You can check [this source](https://allendowney.github.io/ThinkBayes2/chap05.html#credible-intervals) to know more about them.

In [None]:
# Visualize
df = pd.DataFrame(posterior, index=sigma_range.round(2), columns=mu_range.round(2))
_, ax = plt.subplots(nrows=1, ncols=3, figsize=(20, 4))
ax1 = sns.heatmap(df, cmap="YlGnBu", ax=ax[0])
ax1.invert_yaxis()
ax1.set_title("Posterior Joint Distribution")
ax1.set_xlabel("mu")
ax1.set_ylabel("sigma")

ax[1].plot(mu_range, posterior.mean(axis=1))
ax[1].set_title("Mu Marginal")
ax[1].set_xlabel("$\mu$")
ax[1].set_ylabel("$p(\mu|data)$")

ax[2].plot(sigma_range, posterior.mean(axis=0))
ax[2].set_title("Sigma Marginal")
ax[2].set_xlabel("$\sigma$")
ax[2].set_ylabel("$p(\sigma|data)$");

# CuPy Implementation

This implementation is equivalent to the [numpy one](#basic-numpy) but using the `CuPy` [library](https://github.com/cupy/cupy)

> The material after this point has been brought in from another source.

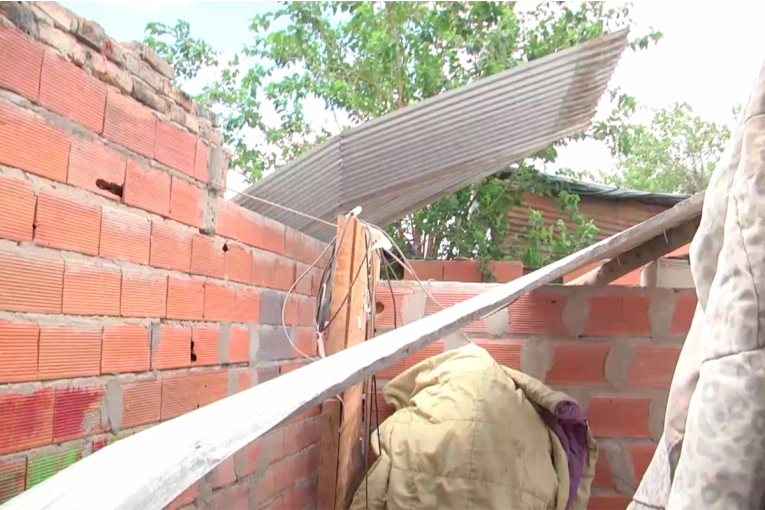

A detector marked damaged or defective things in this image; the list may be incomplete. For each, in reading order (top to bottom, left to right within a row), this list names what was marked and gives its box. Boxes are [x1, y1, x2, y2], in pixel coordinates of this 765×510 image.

bent metal roofing sheet [236, 28, 628, 242]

The main difference with previous approach is that in `CuPy` we can't make use of the `scipy` library and therefore we need to reinvent the wheel a bit and create the pdf of a normal distribution that is happy to work with `CuPy`

In [None]:
import cupy as cp

observations_cp = cp.asarray(observations_np, dtype=cp.float32)

def cp_normal(mu_grid, sigma_grid, observations_grid):
    """
    Compute the pdf of a normal distribution

    Arguments:
        - mu_grid (cp.ndarray): the space of parameters for the mean as a 101x101x50 array
        - sigma_grid (cp.ndarray): the space of parameters for the std as a 101x101x50 array
        - observations_grid (cp.ndarray): the space of observations as a 101x101x50 array

    Returns:
        - a 101x101x101 cp.ndarray with the densities per triplet mu, sigma & x
    """
    normalization = cp.sqrt(2 * cp.pi) * sigma_grid
    return cp.exp(-0.5 * ((observations_grid - mu_grid) / sigma_grid) ** 2) / normalization


def cupy_estimator(observations):
    """
    Compute the posterior distribution of a set of observations.

    Arguments:
        - observations (cp.ndarray): a CuPy array containing the the observations

    Returns:
        - a tuple of cp.ndarray:
            - posterior (cp.ndarray[101]): the posterior probability of the observations.
            - mu_range (cp.ndarray[101]): the range of parameters used for the mean.
            - sigma_range (cp.ndarray[101]): the range of parameters used for the std.
    """
    # Define ranges
    grid_size = 101
    mu_range = cp.linspace(18, 22, grid_size, dtype=cp.float32)
    sigma_range = cp.linspace(1, 3, grid_size, dtype=cp.float32)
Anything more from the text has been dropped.